[Crawled caption data]
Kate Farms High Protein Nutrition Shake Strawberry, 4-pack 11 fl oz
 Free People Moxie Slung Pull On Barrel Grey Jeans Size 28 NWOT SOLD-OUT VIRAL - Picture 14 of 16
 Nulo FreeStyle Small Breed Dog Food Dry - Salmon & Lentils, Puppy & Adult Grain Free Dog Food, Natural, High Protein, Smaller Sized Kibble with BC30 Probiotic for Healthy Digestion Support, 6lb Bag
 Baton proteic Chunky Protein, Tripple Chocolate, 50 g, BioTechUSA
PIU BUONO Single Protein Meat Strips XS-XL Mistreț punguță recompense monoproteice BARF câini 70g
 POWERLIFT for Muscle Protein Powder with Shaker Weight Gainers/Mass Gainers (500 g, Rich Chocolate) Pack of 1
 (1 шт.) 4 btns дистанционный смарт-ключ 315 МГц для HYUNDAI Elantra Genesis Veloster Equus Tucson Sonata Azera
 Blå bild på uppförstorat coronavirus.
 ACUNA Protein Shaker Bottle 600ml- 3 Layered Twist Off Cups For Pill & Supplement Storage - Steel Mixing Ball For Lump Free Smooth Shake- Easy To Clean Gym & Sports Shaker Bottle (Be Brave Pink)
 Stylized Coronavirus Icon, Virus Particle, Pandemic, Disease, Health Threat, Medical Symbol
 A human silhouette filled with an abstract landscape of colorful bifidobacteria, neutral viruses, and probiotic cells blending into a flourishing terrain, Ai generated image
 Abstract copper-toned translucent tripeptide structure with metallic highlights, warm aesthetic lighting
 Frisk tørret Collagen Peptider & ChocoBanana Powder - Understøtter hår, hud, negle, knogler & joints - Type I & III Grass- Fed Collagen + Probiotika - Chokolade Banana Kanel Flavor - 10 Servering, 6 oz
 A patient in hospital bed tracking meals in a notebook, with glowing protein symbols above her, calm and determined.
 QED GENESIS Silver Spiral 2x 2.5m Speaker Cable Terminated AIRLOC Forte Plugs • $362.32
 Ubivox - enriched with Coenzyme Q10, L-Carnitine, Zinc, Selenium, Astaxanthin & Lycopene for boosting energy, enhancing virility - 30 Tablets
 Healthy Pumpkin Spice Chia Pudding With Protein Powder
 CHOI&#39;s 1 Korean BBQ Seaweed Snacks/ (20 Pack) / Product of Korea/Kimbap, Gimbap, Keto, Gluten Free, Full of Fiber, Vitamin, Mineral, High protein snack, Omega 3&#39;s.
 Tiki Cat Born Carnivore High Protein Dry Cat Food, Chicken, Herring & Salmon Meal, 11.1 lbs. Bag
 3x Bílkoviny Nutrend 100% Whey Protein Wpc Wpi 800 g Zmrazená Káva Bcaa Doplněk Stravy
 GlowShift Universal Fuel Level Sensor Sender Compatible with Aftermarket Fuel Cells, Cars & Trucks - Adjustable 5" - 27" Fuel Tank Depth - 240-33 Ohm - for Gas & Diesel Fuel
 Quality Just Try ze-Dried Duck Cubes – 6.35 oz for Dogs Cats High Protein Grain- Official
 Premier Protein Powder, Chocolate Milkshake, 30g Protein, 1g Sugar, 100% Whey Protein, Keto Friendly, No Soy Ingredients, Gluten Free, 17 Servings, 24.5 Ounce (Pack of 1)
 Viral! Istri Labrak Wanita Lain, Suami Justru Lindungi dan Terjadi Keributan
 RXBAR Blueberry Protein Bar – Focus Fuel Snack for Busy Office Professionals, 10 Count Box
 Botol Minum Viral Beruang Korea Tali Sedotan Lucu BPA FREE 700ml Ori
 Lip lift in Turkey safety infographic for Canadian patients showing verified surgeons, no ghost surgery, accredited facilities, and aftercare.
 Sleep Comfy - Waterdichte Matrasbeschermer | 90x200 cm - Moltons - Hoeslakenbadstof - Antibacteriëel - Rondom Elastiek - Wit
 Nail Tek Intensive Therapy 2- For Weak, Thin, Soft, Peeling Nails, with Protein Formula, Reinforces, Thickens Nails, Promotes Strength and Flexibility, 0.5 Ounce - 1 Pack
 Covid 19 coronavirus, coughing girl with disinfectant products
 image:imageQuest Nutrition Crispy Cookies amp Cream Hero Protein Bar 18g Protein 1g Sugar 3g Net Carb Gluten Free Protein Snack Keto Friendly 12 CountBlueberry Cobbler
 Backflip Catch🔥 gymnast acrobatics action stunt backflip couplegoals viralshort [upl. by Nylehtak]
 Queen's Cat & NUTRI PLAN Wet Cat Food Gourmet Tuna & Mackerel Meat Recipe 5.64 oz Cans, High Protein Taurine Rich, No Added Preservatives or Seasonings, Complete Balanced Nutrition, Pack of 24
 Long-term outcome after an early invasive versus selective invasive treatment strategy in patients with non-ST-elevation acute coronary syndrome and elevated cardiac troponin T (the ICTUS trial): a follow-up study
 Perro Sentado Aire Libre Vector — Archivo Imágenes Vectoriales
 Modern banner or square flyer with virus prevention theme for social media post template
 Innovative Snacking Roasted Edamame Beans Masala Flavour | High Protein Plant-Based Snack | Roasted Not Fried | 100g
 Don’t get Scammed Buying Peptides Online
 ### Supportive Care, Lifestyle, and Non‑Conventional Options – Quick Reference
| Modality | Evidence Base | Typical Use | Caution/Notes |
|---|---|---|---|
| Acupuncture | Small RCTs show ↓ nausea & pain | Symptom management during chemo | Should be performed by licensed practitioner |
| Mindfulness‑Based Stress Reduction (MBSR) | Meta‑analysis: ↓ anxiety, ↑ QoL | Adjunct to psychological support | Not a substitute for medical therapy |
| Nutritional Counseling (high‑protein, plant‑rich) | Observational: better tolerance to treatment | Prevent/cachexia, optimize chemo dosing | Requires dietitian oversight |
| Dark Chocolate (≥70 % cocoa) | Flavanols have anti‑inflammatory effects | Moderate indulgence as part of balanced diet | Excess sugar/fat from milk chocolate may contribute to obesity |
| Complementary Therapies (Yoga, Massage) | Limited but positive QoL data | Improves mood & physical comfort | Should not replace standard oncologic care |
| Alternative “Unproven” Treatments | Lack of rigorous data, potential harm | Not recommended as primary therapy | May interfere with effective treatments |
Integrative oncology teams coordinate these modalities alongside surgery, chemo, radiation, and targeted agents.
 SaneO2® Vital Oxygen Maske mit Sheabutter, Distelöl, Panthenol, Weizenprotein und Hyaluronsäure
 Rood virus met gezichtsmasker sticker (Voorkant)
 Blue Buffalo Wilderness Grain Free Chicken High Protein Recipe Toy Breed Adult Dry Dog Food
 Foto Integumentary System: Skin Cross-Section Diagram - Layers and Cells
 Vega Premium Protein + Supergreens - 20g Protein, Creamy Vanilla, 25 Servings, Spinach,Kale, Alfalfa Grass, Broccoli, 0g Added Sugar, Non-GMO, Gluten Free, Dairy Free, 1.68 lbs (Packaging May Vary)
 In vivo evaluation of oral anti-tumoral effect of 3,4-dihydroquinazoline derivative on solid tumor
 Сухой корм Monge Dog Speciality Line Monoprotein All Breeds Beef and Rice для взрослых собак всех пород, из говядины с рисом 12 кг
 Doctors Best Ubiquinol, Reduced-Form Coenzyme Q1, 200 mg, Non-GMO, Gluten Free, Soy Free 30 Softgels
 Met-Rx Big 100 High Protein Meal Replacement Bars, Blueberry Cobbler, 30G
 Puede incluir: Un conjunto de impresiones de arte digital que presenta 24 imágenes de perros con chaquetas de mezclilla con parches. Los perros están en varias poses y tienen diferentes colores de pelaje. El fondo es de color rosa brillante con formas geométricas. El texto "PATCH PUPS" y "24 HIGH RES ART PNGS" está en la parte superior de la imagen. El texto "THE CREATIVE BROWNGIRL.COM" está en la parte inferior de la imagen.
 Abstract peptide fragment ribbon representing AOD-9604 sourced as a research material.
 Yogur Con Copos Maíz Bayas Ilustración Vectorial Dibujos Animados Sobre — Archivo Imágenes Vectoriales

-- Your instructions --
Using the records above, report each line that contains the word "Chicken" by copying it.

-- Solution to the problem --
 Tiki Cat Born Carnivore High Protein Dry Cat Food, Chicken, Herring & Salmon Meal, 11.1 lbs. Bag
 Blue Buffalo Wilderness Grain Free Chicken High Protein Recipe Toy Breed Adult Dry Dog Food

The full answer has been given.